I had found this thread some time ago, but I can’t remember its title or the name given to the fake company employee whom the company’s employees would refer the bothersome telemarketer to, that persistently calls the company. The name would actually be some telephone code that would disconnect the pestering caller, or leave them in limbo. Can anyone identify this thread, please? Thanks.
This is better suited for ATMB, so I’ll move it there for you.
Maybe this one?
The Telemarketer Speaks
Thanks anyway, but this isn’t the one…
Sent you to a link that wasn’t really the answer to your enquiry? How meta.
Was it this?
Relesha Jones…that’s The one! Thanks!
Yes, it was! Thanks! I just couldn’t think of the fictitious name “Relesha Jones”!
I see your Ms. Releasha Jones, and raise you Helen.
“Wha?” you ask?
Many yharin ago, I worked for a gentleman, to use the term loosely, who was a legend in his own mind. In addition to our real jobs, he sold and installed phone systems. We had a phone system that would be not taxed to be in a office that had 200 staff. It was a tad bit of overkill considering there was three of us in the office. Every bell, whistle and blinky was on the system, including ‘Call Park’.

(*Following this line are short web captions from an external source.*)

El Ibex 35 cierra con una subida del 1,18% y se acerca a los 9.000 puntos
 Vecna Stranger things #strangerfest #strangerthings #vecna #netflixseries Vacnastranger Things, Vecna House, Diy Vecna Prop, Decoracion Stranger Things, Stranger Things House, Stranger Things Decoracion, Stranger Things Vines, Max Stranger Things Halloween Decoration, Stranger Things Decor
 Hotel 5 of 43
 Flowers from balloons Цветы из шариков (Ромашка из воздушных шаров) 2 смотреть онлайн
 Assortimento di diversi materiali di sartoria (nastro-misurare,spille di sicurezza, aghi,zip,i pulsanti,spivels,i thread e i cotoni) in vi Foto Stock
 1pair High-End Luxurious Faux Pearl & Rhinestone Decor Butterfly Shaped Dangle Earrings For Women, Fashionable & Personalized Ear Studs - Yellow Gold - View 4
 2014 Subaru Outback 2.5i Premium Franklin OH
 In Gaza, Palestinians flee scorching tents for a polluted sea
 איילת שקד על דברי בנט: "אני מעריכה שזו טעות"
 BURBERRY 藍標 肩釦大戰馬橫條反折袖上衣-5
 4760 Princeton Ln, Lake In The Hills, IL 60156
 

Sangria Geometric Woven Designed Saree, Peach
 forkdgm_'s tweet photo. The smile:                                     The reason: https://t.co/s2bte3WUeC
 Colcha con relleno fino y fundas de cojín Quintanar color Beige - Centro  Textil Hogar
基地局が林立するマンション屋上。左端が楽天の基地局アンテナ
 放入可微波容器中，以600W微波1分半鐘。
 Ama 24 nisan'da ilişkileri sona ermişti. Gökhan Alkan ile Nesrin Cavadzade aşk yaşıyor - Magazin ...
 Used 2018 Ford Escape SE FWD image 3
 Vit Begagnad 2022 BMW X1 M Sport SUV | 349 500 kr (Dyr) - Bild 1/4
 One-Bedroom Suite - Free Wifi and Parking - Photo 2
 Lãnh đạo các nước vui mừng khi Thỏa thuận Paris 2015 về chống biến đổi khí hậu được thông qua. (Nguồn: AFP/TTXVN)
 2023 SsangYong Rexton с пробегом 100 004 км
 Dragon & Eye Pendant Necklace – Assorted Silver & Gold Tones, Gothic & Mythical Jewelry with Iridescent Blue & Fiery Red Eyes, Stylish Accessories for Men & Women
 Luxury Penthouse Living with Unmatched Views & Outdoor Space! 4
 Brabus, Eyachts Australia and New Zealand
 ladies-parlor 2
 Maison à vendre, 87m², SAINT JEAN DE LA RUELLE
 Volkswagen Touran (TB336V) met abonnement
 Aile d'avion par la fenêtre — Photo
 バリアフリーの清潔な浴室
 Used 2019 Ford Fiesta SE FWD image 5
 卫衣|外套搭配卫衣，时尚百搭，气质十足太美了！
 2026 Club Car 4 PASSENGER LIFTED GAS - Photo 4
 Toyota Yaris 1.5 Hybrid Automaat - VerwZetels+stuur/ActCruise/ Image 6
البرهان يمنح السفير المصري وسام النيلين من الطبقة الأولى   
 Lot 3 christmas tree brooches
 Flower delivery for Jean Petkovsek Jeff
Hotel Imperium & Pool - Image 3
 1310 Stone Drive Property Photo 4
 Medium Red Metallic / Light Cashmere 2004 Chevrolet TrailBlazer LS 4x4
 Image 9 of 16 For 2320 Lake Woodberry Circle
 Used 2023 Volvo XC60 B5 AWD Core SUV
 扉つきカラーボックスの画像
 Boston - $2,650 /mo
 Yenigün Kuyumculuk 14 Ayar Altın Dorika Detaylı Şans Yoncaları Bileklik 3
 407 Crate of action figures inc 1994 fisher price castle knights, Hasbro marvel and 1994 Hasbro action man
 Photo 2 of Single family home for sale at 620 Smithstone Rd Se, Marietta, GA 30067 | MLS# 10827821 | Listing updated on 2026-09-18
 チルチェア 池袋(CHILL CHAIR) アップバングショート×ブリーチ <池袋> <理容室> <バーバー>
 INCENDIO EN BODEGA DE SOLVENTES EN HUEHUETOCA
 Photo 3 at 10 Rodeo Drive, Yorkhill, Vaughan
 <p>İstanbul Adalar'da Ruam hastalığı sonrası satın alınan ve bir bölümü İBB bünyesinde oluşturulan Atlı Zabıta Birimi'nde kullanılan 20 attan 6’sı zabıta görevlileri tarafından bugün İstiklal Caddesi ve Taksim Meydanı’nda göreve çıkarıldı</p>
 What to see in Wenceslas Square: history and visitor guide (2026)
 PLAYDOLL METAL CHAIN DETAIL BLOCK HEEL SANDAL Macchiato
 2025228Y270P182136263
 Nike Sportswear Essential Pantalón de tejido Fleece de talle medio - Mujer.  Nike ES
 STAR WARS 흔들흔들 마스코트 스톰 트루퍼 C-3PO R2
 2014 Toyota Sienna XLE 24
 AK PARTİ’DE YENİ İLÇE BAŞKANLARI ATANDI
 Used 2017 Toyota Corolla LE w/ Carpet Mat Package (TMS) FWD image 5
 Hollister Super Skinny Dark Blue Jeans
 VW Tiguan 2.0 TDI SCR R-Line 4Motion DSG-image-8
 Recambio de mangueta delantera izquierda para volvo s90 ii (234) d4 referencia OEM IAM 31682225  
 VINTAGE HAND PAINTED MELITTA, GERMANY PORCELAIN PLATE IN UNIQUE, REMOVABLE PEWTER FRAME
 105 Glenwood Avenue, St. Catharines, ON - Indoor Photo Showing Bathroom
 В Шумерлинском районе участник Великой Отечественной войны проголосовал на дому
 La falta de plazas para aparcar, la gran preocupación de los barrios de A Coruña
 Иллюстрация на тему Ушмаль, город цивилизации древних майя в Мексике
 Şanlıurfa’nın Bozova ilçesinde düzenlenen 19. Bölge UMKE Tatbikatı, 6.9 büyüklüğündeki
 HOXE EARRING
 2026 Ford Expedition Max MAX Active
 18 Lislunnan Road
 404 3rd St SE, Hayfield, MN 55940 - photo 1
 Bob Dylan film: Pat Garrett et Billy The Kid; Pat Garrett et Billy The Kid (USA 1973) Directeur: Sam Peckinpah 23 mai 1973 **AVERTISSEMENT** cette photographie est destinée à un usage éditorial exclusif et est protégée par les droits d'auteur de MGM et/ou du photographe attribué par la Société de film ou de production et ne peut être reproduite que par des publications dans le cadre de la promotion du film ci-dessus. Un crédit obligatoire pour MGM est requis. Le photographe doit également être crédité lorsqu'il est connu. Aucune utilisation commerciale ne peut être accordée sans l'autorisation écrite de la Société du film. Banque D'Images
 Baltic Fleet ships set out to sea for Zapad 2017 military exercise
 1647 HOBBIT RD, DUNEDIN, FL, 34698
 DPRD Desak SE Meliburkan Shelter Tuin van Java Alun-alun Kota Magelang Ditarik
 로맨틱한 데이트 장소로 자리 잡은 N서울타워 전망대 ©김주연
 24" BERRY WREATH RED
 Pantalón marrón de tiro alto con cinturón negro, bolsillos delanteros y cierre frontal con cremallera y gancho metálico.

Now we got 1 real call per 25 or so inbound calls, so it was game on. Bill Collectors, telemarketers and assorted grifters would suddenly need to talk to talk to the non-existent 4th staff member, Helen.
As in Ms. Helen Whaite.
We would transfer the call to Call Park, and after 10 minutes the system would dump the call.
And they would call back…
Reminds me of the old Red Skelton sketch. He is doing his act onstage and is interrupted by a messenger from the theater manager. It seems a purse was found by a Mrs. Hunt. He announces, “If anyone is missing a purse, then after the show, they can go to Helen Hunt for it.” {pause} “Hey!” {ba-dum-dump}
What a chop!
Gary Owens wrote a book titled The (What to Do While You’re Holding the) Phone Book. He offered suggestions for how to deal with nuisance calls, including blowing a shrill whistle into the mouthpiece, which would at least give the caller an earache; and giving the caller a loud razzberry. My Mom disapproved of the first suggestion, saying a caller could claim injury and sue. Personally I like to lay the handset on the desk and wait until they give up and hang up. Though that might not be practical in an office.